- _DIRECTIONS FOR THIS TASK_:
From the line containing "So again, view" to the line containing "Although we generally" in the records below, set down every line exactly as it stands, both ends included, and skip the pictures.
-------- SUPPLIED DATA
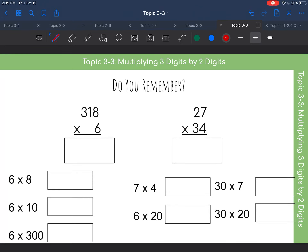Today we're going to be reviewing how to multiply whole numbers. Last year in fourth grade you multiplied three-digit by one-digit numbers and two-digit by two-digit numbers, so we're going to review that really quickly.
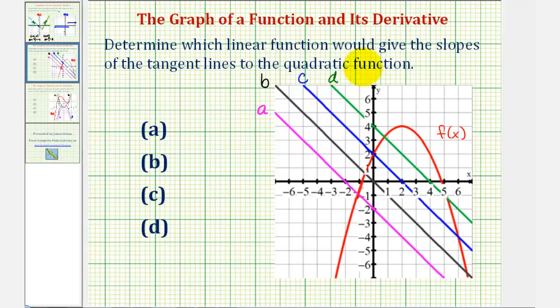Determine which linear function would give the slopes of the tangent lines to the quadratic function. We can also say which linear function would be the derivative function of f of x.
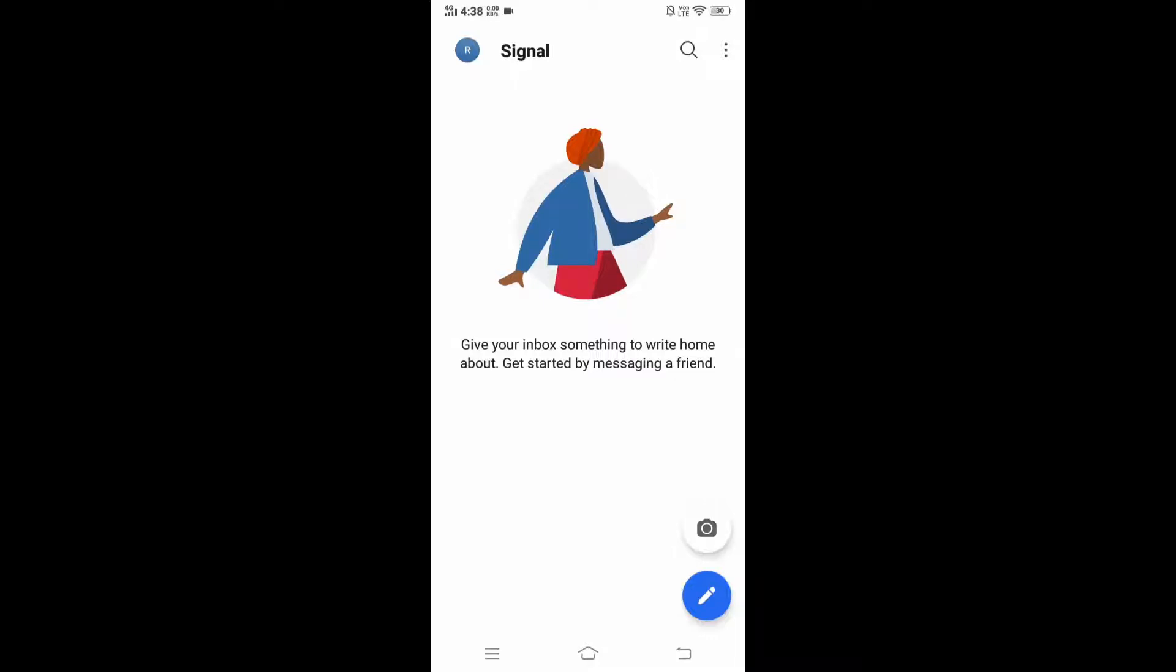Hey, hello everyone. In this video I'm going to show you how to delete your Signal app account. From the opening screen of Signal app, go to the options over here.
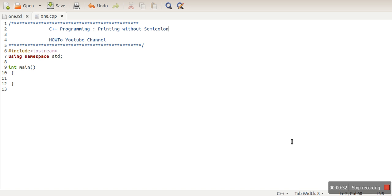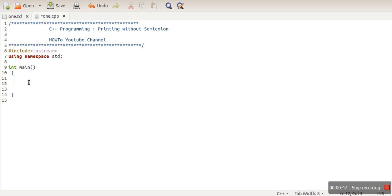So how can we do that? The thing is that if we pass our printing statement as a condition in an if construct, so whenever this printing statement is passed as a condition, there is no need to write a semicolon. Let's, for example,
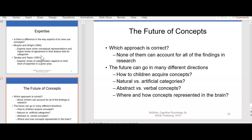How do children acquire concepts? Are there natural versus artificial categories? Are there abstract versus verbal concepts? And where and how are concepts represented in the brain? These are all important questions — once you're done reading and reviewing the chapter — in terms of the future and where you see your future career and how concepts and knowledge can ultimately affect and impact you.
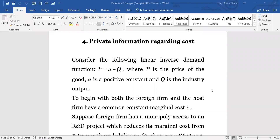In this particular module, the private information regarding cost is the opposite of the private information regarding demand. In the case of demand, the private information was held by the host firm; here the private information regarding cost will be held by the foreign firm.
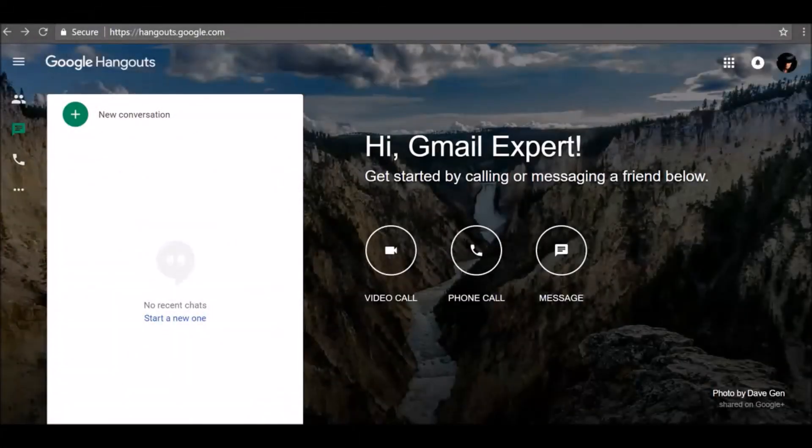Google Hangouts brings conversations to life with photos, emoji, and even group video calls for free. Connect with friends across computers, Android and Apple devices. When you sign in or out of Hangouts on one device, you aren't automatically signed in or out of Hangouts on other devices.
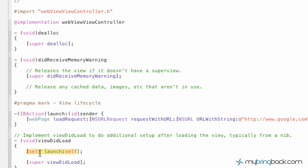So again, view launches, sends it to our IBAction, which therefore loads our web page.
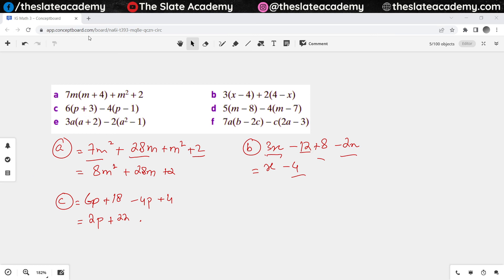For part D, it says 5 times (M minus 8), so 5 times M gives me 5M, and 5 times minus 8 gives me minus 40. Then minus 4 times M gives minus 4M, and minus 4 times minus 7 gives positive 28. Then we see terms with the same variables: 5M minus 4M gives just M, and minus 40 plus 28 gives minus 12.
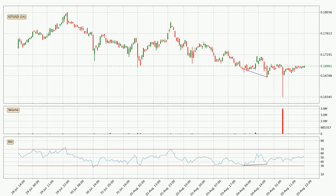Searching for divergence in the hourly time frame, the price has already gone up owing to the last bullish divergence.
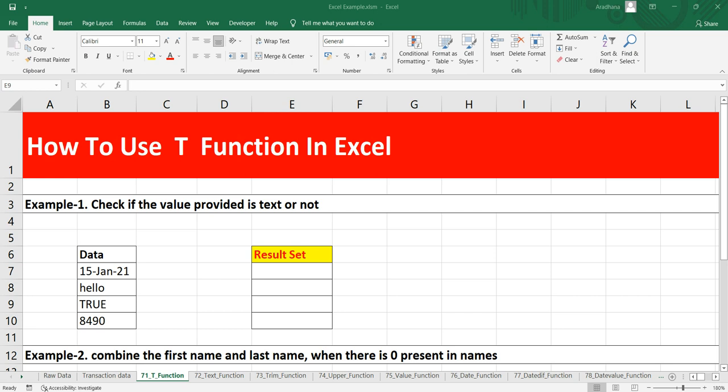Although we generally do not use this formula, sometimes we do need to use it when we have to make our Excel file compatible with other spreadsheet programs. So let's go and see two different examples of how we can use this T function.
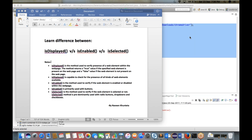Hello friends, welcome to Selenium training. Today I'm going to cover one very important topic — the difference between the isDisplayed(), isEnabled(), and isSelected() methods. It's a very famous interview question. These three methods are really useful for validations on specific elements, like checking if images, logos, or buttons are enabled or disabled, especially for GUI and UI testing.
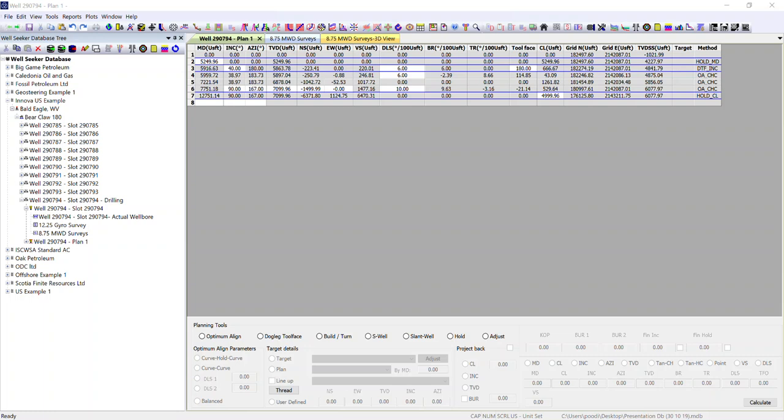This clip will cover the multi-projection utility within WellSecret Pro. We're currently on a job and we have our plan in place for the well.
----------------
- _EXERCISE RESULT_:
So again, view launches, sends it to our IBAction, which therefore loads our web page.
For part D, it says 5 times (M minus 8), so 5 times M gives me 5M, and 5 times minus 8 gives me minus 40. Then minus 4 times M gives minus 4M, and minus 4 times minus 7 gives positive 28. Then we see terms with the same variables: 5M minus 4M gives just M, and minus 40 plus 28 gives minus 12.
Searching for divergence in the hourly time frame, the price has already gone up owing to the last bullish divergence.
Although we generally do not use this formula, sometimes we do need to use it when we have to make our Excel file compatible with other spreadsheet programs. So let's go and see two different examples of how we can use this T function.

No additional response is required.